The primary safety endpoint, freedom from type I complications at 6 months, was met in 80.9% of patients, beating the performance goal of 70% (P < .001), according to the researchers. Of the patients who did not meet the safety endpoint, 12 had a device-related event, five had a vascular event, three had a stroke or other thromboembolic event, seven had cardiac perforation and 12 had a pocket event.
The primary efficacy endpoint of decrease in LV end-systolic volume at 6 months was –16.4%, beating the performance goal of –9.3% (P = .003), according to Singh and colleagues.
“There was significant evidence of reverse remodeling, with changes in the end-systolic and end-diastolic volumes, along with an improvement in ejection fraction,” Singh told Healio. “Alongside this, there was an improvement in multiple clinical secondary endpoints, including a quality of life score and change in the QRS, which decreased in width by a mean of 39.3 milliseconds.”
Singh told Healio that “the real excitement lies in the potential clinical implications that this technology may have.
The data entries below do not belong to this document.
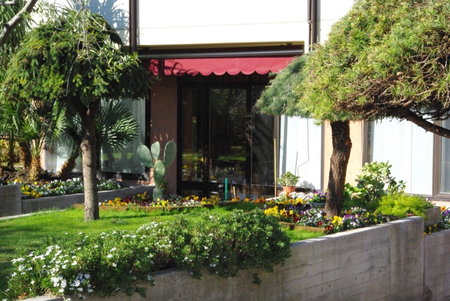 Hotel Andreis, Cavaion Veronese, Italy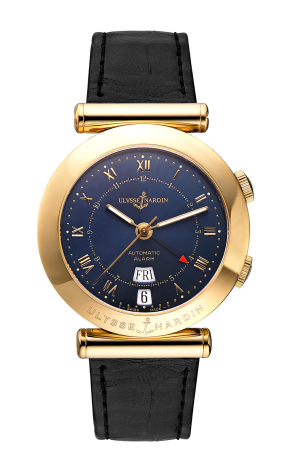 Часы Ulysse Nardin San Marco 601-22 (36176)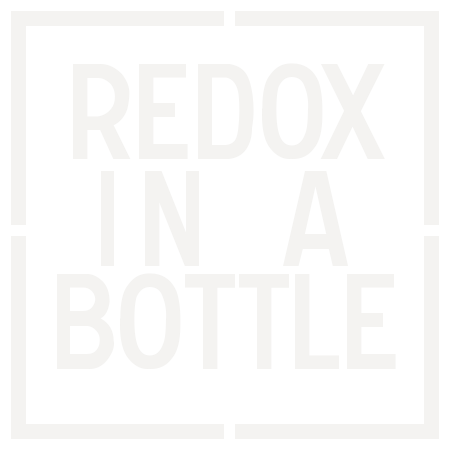 redox in a bottle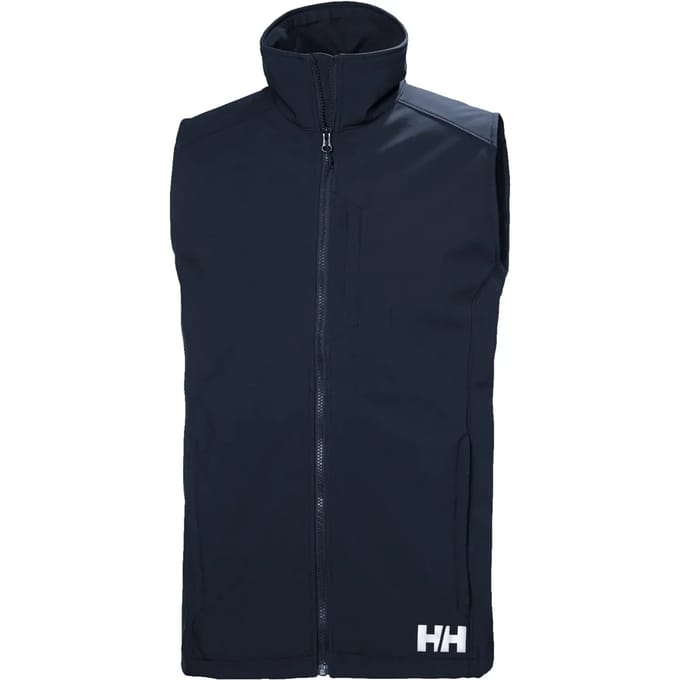 Mouwloos jasje Helly Hansen paramount softshell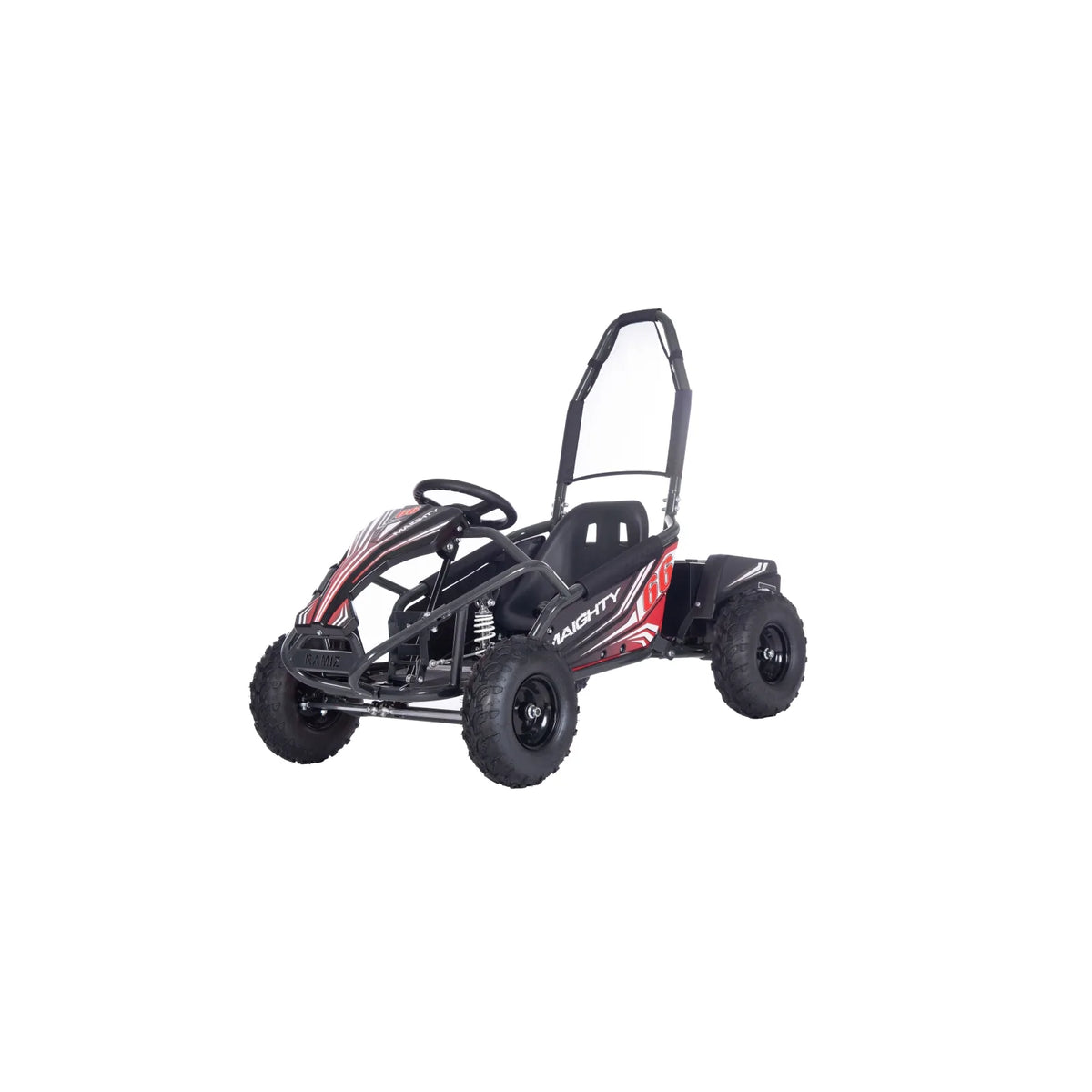 Električni gokart MAIGHTY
One is that conventional resynchronization technology involves putting three leads in the heart, but now, you can potentially do leadless CRT without a single lead in the heart, using the WiSE CRT system in conjunction with a leadless pacemaker on the right side of the heart. In addition, there is a lot of interest in conduction system pacing, and what the WiSE CRT system allows is to directly access the conduction system through the left ventricle, where it is actually located. There is a lot of excitement about refined targeting and individualizing therapies in the future. This system certainly provides the opportunity to do that.”